More importantly, and especially during a pandemic, keeping your normal routines let's kids know that everything will be ok. So what if we don't know when we will go back to school, find tp in the stores or get a haircut, we know that life is continuing as it always had and we will be ok. If you can mimic some of their school schedule, even better. We call that continuity and it makes kids feel safe and secure. It also helps them know that we will go back to school, school is important, and again, we will be ok.

Ultimately, keeping your normal schedules and routines for your children will help you keep your sanity. It's easy to let things go and enjoy the time off, but the schedule is your friend and will help things stay more organized and less chaotic. You can use structure to help you have time for yourself and to work. For instance, if you have a meeting everyday at 9 am, and you have deemed that silent reading time, your children will quickly get used to the idea and be more able to maintain a quiet activity for the duration of your meeting.

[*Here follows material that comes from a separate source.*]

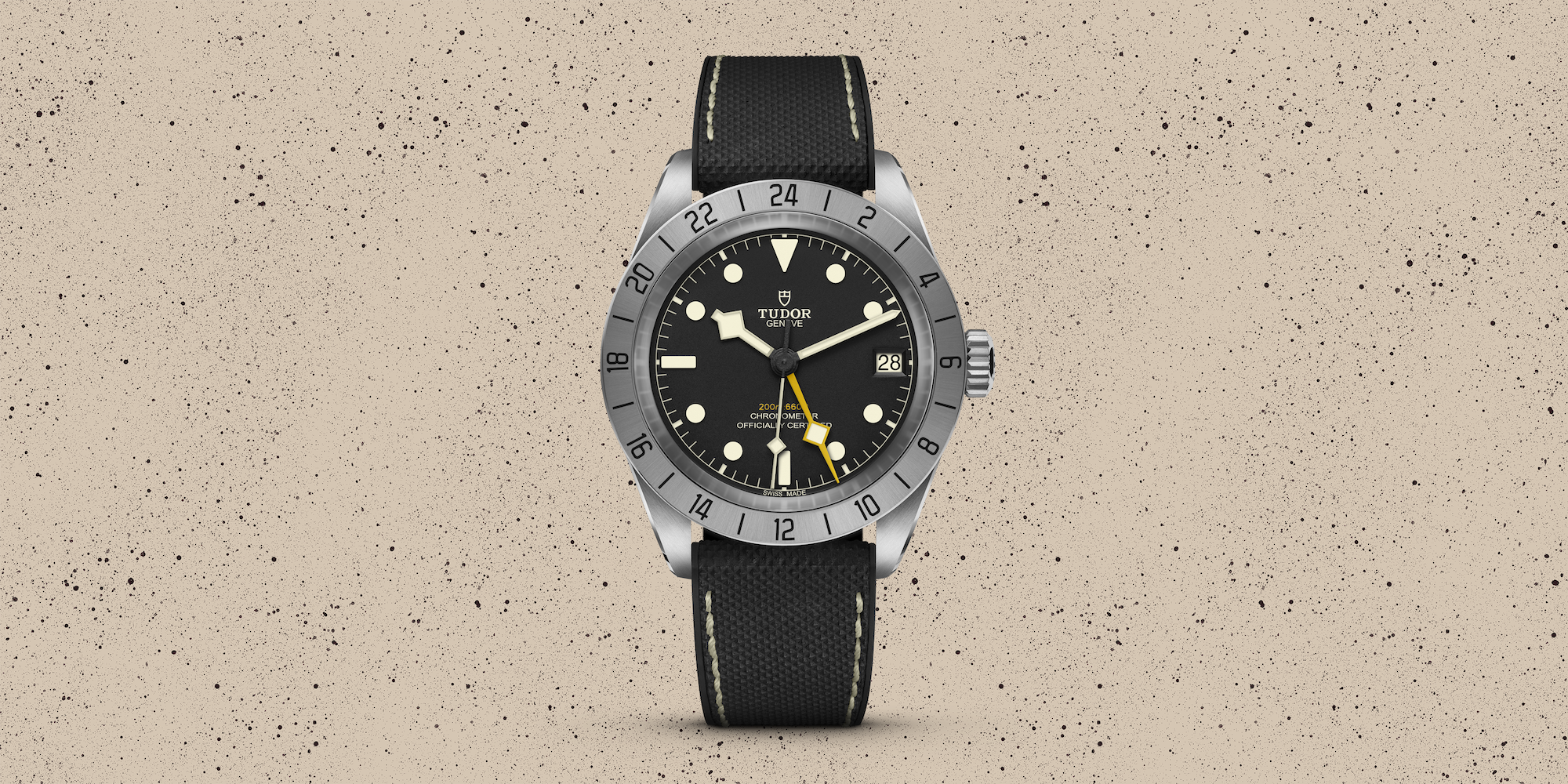 Tudor’s New Tool Watch Should Be Your Autumn Grail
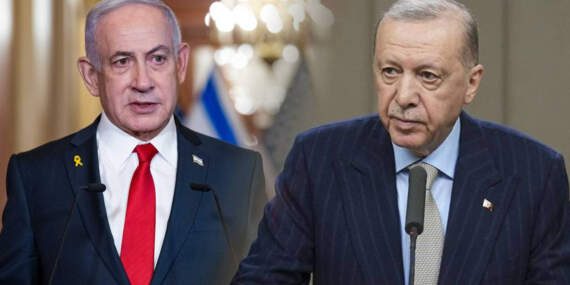 Cumhurbaşkanı Erdoğan’dan İsrail’e Sert Tepki: ‘Netanyahu, Hitler’le İdeolojik Açıdan Akraba; Aynı Akıbeti Yaşayacak’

Some ideas for using structure to get work done

For school age children who don't need constant direct supervision, try some of these ideas to build into your schedule so that you can work or take some time to shower, plan and yes, even relax. And it's ok to use technology, today's teachers are expected to use as much technology as possible.

- place tech time where you need it in your schedule

- let kids choose a half hour using an educational app and the other half free tech time

- sign up for a one time online class. They have coding, art, solve mysteries and more.

- tv time, educational or fun

- video chat with family and friends

- journal writing - you can give them a few topics to choose from

- drawing time - draw pictures related to journal writing or free drawing

Include your children in your use of structure

Let kids have some say in how you design the schedule like picking snack time or when they exercise. Children will feel more ownership and respect for the schedule. Another idea is to have your child decorate posters they can hang up that show when things will happen. Remind them throughout the day what is coming up to help them transition easier. Engage kids in setting up for the next activity, cleaning up from a meal or project and checking off completed tasks. Just remember to be flexible. The idea of using structure is to loosely organize your family's day, not to worry about start and stop times. If you're having fun, you can skip, postpone or reschedule the next activity. The use of a schedule will help kids handle changes to the schedule more easily.

Try to have some fun, laugh at the goof's and praise your child for their effort. You are a pioneer in a new frontier, there is no roadmap, yet you will find your way and have some amazing stories to boot! You've got this!